Я смутно догадывался, что нас хотят куда-то отправят.
Но куда.
Судя по тону газет и по отчету Чрезвычаек, где приводились некоторые данные об их «деятельности» по ловле членов нашей партии, можно было заключить, что нас хотят куда-то отправить, сгруппировать в одном месте, сфабриковать «дело о Всероссийском заговоре» и разыграть на этом основании комедию суда, как они разыграли, например, над М. А. Спиридоновой.
После обеда, распростившись с товарищами по несчастью, мы (я и 3.) были выведены на «сборный пункт», куда стали стекаться партийные товарищи из других камер и коридоров.
— «Вы не знаете», — улыбаясь спросил меня Сим-кий, — где нас будут расстреливать: в Петропавловке или в другом месте.»
— «Вы серьезно спрашиваете.»
— «Конечно. Я собрался на смерть» — с тем же невозмутимым спокойствием ответил он.
Я привел ему свои соображения о том, то нас переведут куда-нибудь в другое место, может быть, в Москву.
Наконец, все собранные двинулись по направлению к Гороховой, 2.
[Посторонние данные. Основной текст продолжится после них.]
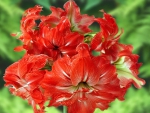 Red Amaryllis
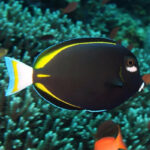 Acanthurus Nigricans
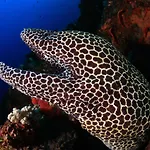 Benthos Bali Dive Resort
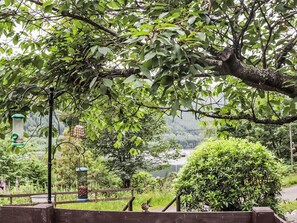 Plant, Leaf, Branch, Botany, Shade, Natural Landscape, Trunk, Grass, Tree, Woody Plant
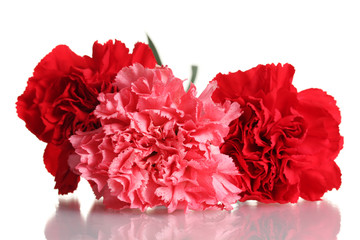Three carnation isolated on white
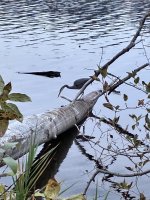IMG_0041.jpeg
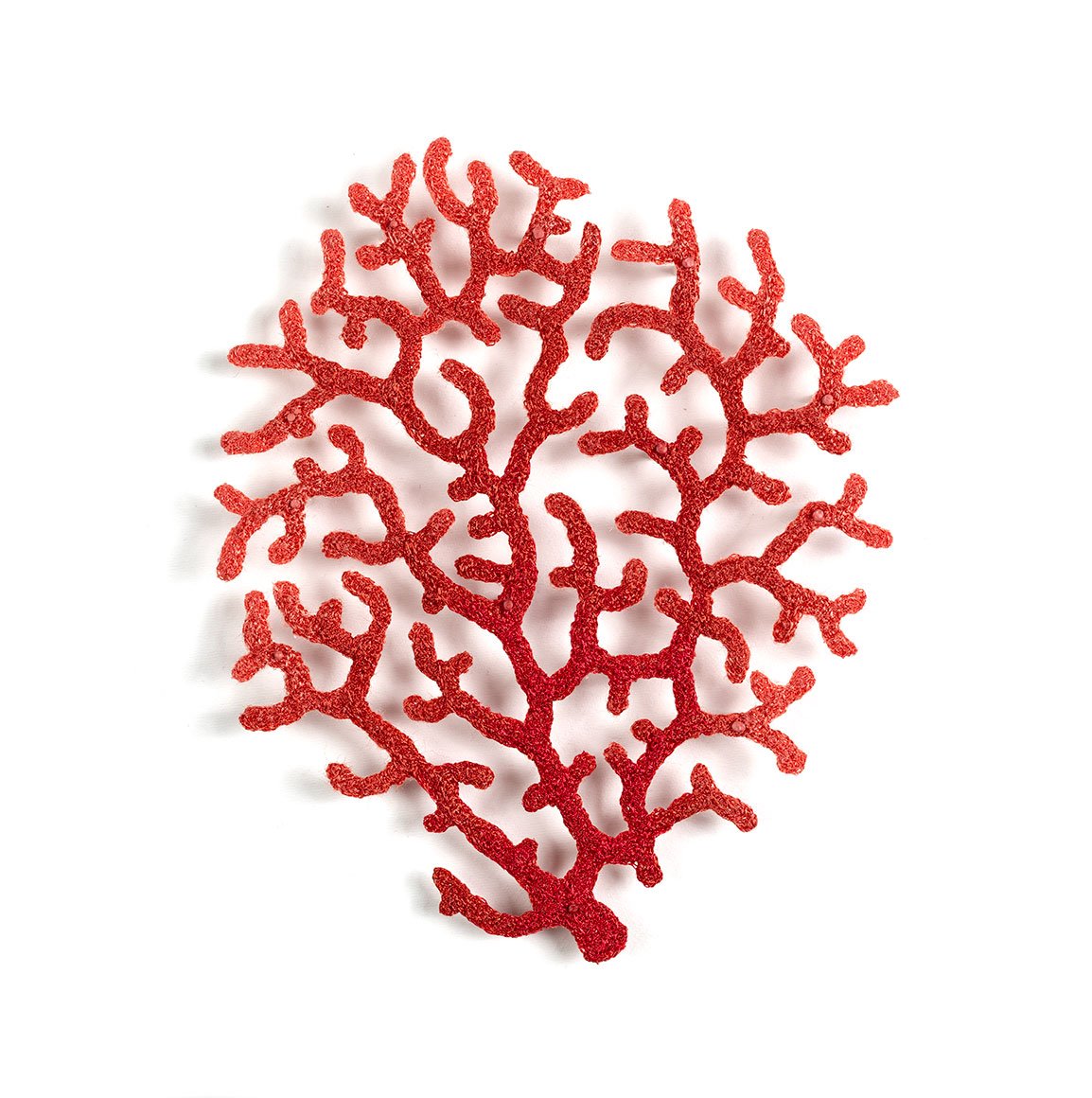 Verrucella-Coral-Frag-front-web.jpg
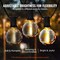 Black-Clear G40 LED String Lights 100ft 50 Bulbs Warm Glow Outdoor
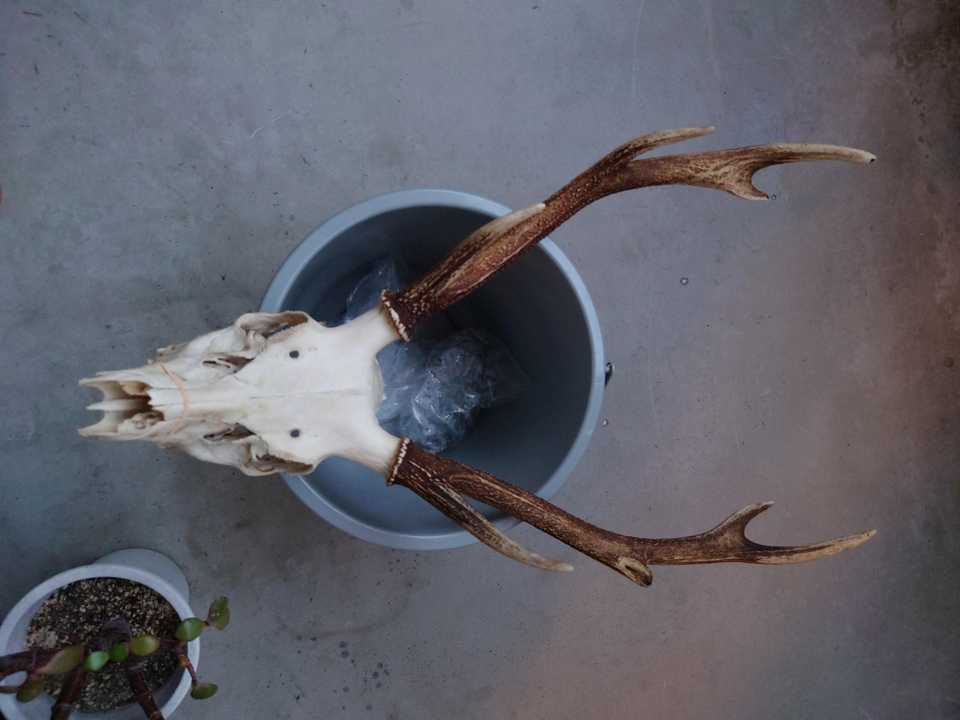 先日の白鳥山で拾った角付きの鹿の頭蓋骨、 / ちゃんすさんの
Когда мы вышли да набережную, я посмотрел на другую сторону Невы. Направо стояли «Кресты» налево — знаменитая Петропавловка, с Трубецким бастионом, {168} где в тяжелые дни самодержавия я сидел в одиночном заключении.
Теперь снова под усиленным конвоем шли рядом со мною товарищи, в общем итоге уже проведшие более сотни лет тюремного заключения.
На Гороховой, 2, в общей камере, куда мы прибыли, жизнь текла, как и раньше: шумно, тесно, грязно и холодно. По прибытию мы узнали, что нас повезут в Москву.
Действительно, на следующий день к вечеру были поданы автомобили, нас повезли на Николаевский вокзал, где в отдалении стояли 2 арестантских вагона, в которых нас и рассадили.
Ш-у, Б-ву и мне при этом «посчастливилось ехать в том вагоне, в которой были помещены бывшие «сильные мира», у которых вся жизнь была, можно сказать, в прошлом: бывший министр внутренних дел Макаров, (который в 1912 году изрек сделавшийся с тех пор историческим афоризмом: «так было и так будет», по поводу расстрела Лен-ских работах), бывший князь Васильчиков, бывший шеф жандармов граф Татищев и ряд других крупных лиц. Я рассматривал по отдельности эти «сиятельные» фигуры. Они произвели на меня жалкое впечатление. Насколько они были раньше горды и надменны, настолько они теперь низко пресмыкались пред каким-нибудь чрезвычайником. Когда не было вблизи начальства, эти бывшие патентованные начальники возмущались большевистским произволом и безобразием, царившим в тюрьмах. Что касается Макарова, то этот «почтенный» старец едва ли мог теперь дать что-либо еще для реакции. Это был только «иконостас» контрреволюции, и больше ничего.
— «Мне очень жаль», — говорил Макаров, — «что в революции сожгли здание Окружного Суда. У меня связаны с ним лучшие воспоминания, когда я был товарищем прокурора.